- TASK BRIEF: Everything below from the line with "a large kitchen" through the line with "in the background." must be retyped exactly, except the pictures.

- RECORD EXCERPTS:
---------------
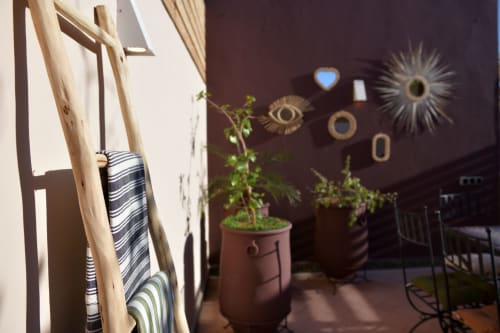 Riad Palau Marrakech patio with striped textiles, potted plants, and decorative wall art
---------------
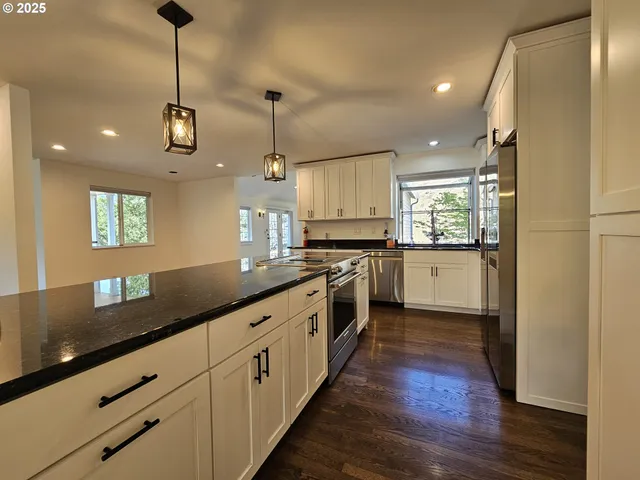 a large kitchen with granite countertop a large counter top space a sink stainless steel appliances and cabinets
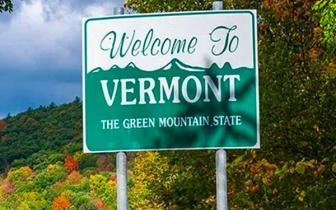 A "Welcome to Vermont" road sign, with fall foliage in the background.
---------------
- RESPONSE:
 a large kitchen with granite countertop a large counter top space a sink stainless steel appliances and cabinets
 A "Welcome to Vermont" road sign, with fall foliage in the background.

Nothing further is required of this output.